Wild Law 2009

Ian Mason | 15 years ago

The UKELA conference was extraordinary. More than forty practical lawyers, academics and students met together at the Magdalen Project, an educational organic farm in Somerset, to deepen their sense of connection with nature and discuss how that connection might influence formal law. Dr Stephan Harding, holistic scientist and author Animate Earth led the discussions with an outstandingly clear and effective exposition of the scientific view that Earth is a living system and that we ignore the living, self-regulating powers of the Earth at our peril. Tracing the development of the modern scientific view from the Galileo [“The book of the Universe is written in the language of mathematics” – the error is to think it is the only book] and the much-maligned Descartes [“I have described the Earth and the whole visible universe in the manner of a machine”] he reminded us that this view has obscured the older understanding of anima mundi, the world soul with its sense of the cosmos as an intelligent psyche which Western culture no longer acknowledges and indeed denies ‘murderously’. From there he reminded us of Thomas Berry’s observation that the ‘Universe is not a collection of objects but a communion of subjects’ and that we need to relearn how to live as members of a holistic Earth community.

This is possible if we fully integrate and use the four ways of knowing described in the ‘Jungian mandala’:

Intuition

Feeling                                        Thinking

Senses

The great thing with Stephan is that he does not cling to the lecture hall. Having given his exposition, out we went into the countryside to lie in the grass and experience gravity as a force of love holding us gratefully to Earth’s surface and to engage with trees as living, breathing fellow-travellers in the journey of life, often with much longer tales to tell than we have – not the usual fare of legal conferences, but quite a lot of them would benefit from this sort of treatment.

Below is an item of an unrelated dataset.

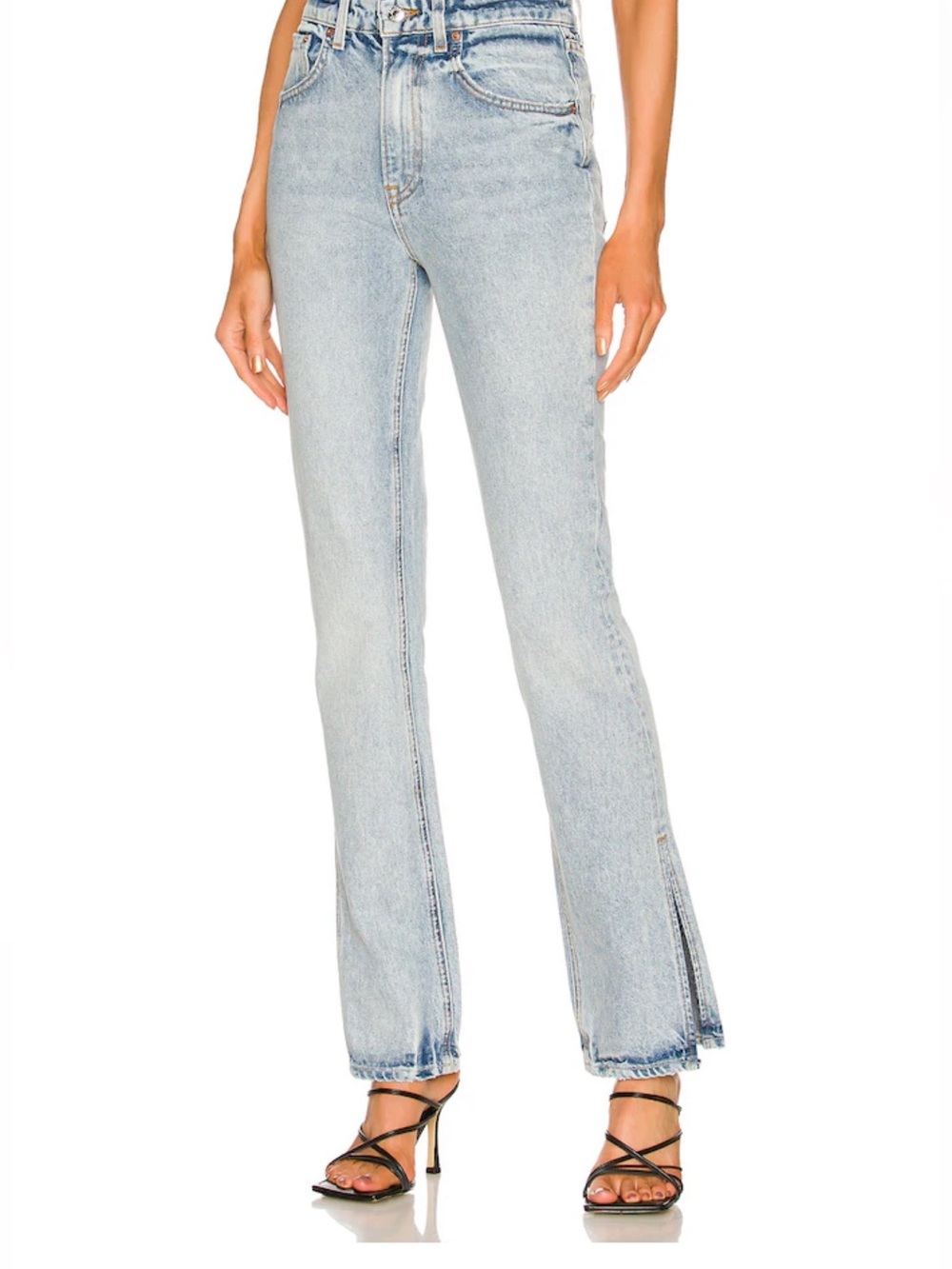 GRLFRND Harlow High Rise Boot Jeans in Encinitas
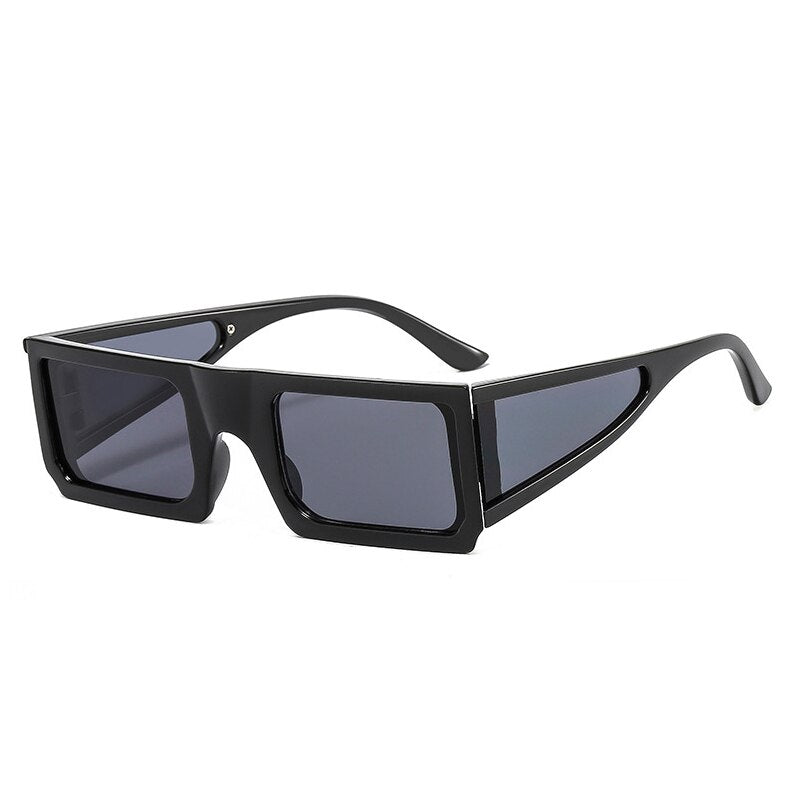 Óculos de Sol Retrô Retangular Whalen UV400 (FRETE GRÁTIS)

This is not to say that there was no place for conventional law.  Practical discussions centred on the use of private and public law to help regulate our relationship with nature. No laws can force people to love nature, but they can apply regulation based on a duty of care, just as is done with the law of negligence. One discussion centred on property law. Why should there not be public duties applied to landowners akin to those that landowners apply to tenants? Public covenants not to damage the land and to maintain it in good condition; not to commit acts o waste or nuisance; would be examples. Since private land ownership inevitably involves private ownership of the environment which is entirely a shared habitat, there can be no doubt that it is in the interest of nature and the human community that it is treated with due respect. By use of legal devices such as the public trust doctrine or guardians ad litem, it is perfectly possible to enable people to take legal action in behalf of nature to enforce duties of care against those who claim exclusive dominion over parts f the environment.